How could it have been any longer, considering that all the cooperation in the field of energy with Egypt that was trumpeted, whenever there was a trilateral meeting amounted to a big zero. And it will amount to an even bigger zero now that Egypt’s president Abdel Fatah el-Sisi has kissed and made up with Turkey’s president.

Kombos and Abdelatty also met on their own to “discuss bilateral cooperation and ways of deepening strategic ties”. Energy has been left by the wayside as our cooperation moves to a higher level.

KOMBOS is beginning to show symptoms of the delusions of grandeur that our prez was suffering from when he was foreign minister. He has started to talk like him. While in New York Kombos said a “a series of high level contacts are continuing and they are based on three basic parameters.”

The most interesting is the third parameter which involves “the expansion of our diplomatic footprint, which is expanded through contacts with countries with which contact is not frequent and with the effort for them to be always focused on the creation of common features that would create a mutually beneficial situation.” 

GESY launched a new campaign on Thursday, appealing to people’s subconscious with repetition and clever images to use the health system sparingly, so as not to delay care for people in urgent need of it. “Put yourself in his position, don’t take his position,” is the slogan of the campaign.

The announcement came at a lavish news conference, with barista coffees on demand and a lavish spread of gourmet stuffed croissants, warm pastries, individual fruit salads and creamy sweets topped with clusters of nutty brownies. Mouthwatering indeed.

A sparse press release, with little to no substantive information, was handed out in formal navy blue Gesy folders with a pen attached sporting the Gesy logo – which I assume one should use responsibly so as not to deprive the ink from someone who may have something important to write.

Of the about 30 attendees, including the panel of speakers, there were five or six hacks and the rest were well-groomed officials, men in dark suits and women in formal, streamlined, sparkling attire. I guess that, once the hacks departed, the smartly dressed dignitaries stayed on to ensure the buffet, paid for by our monthly Gesy contributions, did not go to waste.

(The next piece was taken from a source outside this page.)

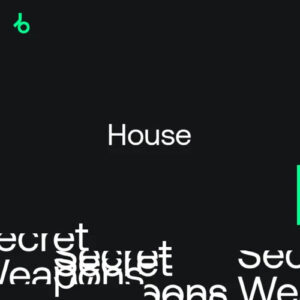 Beatport Secret Weapons 2022: House April 2022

IF YOU have no life, no friends and no interests you could head to Akrotiri at 11am today for a fun demonstration against the British bases organised by the Pancyprian Peace Council, a relic of the Soviet era, used by the Kremlin for its anti-West propaganda. The Pancyprian Peace Council, which wants to stop Israel’s war in Gaza had no such urge about Russia’s war in Ukraine.  

Gripped by Cold War nostalgia, Akel has called on its sheep to attend the demo organised by its fellow travellers. The commies fear that “the concentration of American and British troops on the British base of Akrotiri multiply the dangers for the security of Cyprus and our people.”

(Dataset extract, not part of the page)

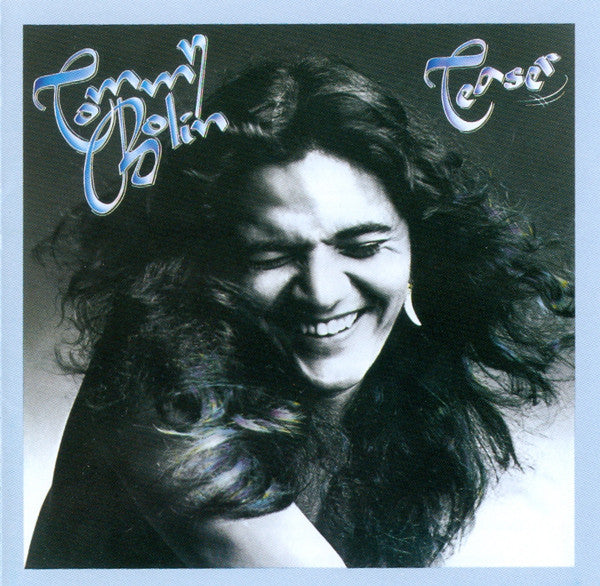 Tommy Bolin : Teaser (CD, Album, RE, RM)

Akel’s sheep do not even get Sunday off. Last Sunday the flock was at the presidential palace protesting about Odysseas and today it will be in Akrotiri. But they have been promised next Sunday off.

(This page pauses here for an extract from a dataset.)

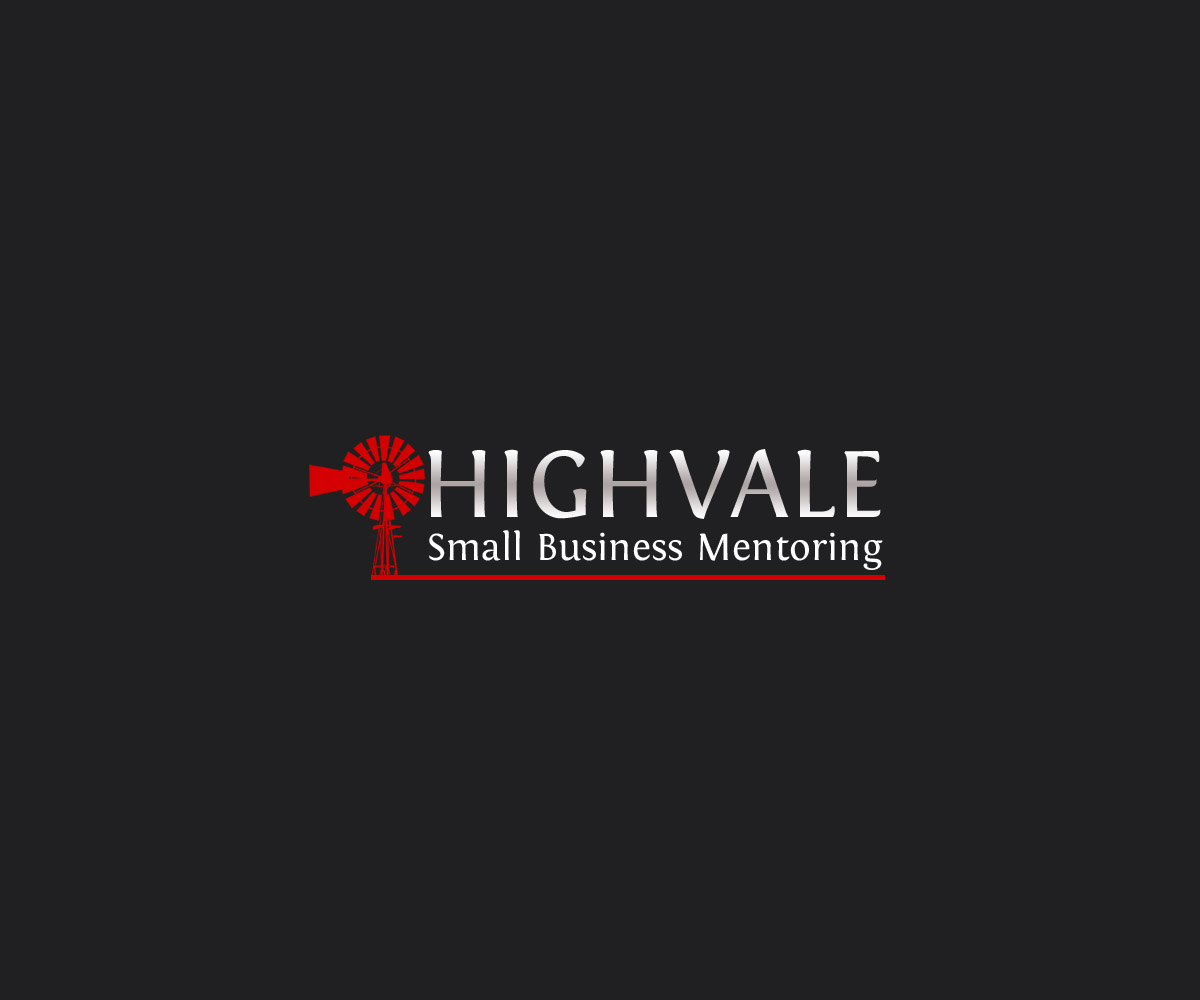 Logo Design by vida for Highvale Projects Pty Ltd | Design #8160634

NOW THAT Dromolaxia and Meneou have been merged into one municipality, municipal councilors are in a quandary about the name it should be given. One proposal was to get academics at the University of Cyprus to carry out historical and geographical research of the area and propose a name.

It was defeated and the council decided instead to ask the residents of the municipality to come up with suggestions for a name. I am not a resident of either, but I have a couple of suggestions for a new name. One is Dromoneou but my favourite – which I think could be a winner – is Menelax, because it sounds so European; alternatively, to keep its Greek identity we could call it Menelaxia.

OUR ESTABLISHMENT has decided to write the history of the tashinopitta, but has been unable to find any information about it. On Google you can find recipes for it but nothing about its origins. Is it a Cypriot food, like halloumi, as the Turkish Cypriots also make it? Is it Arabic, as it contains tahini, or is it Armenian (my father used to buy delicious ones made by an Armenian policeman’s wife)? I would be greatly obliged for any information as it would give me a starting point for my research.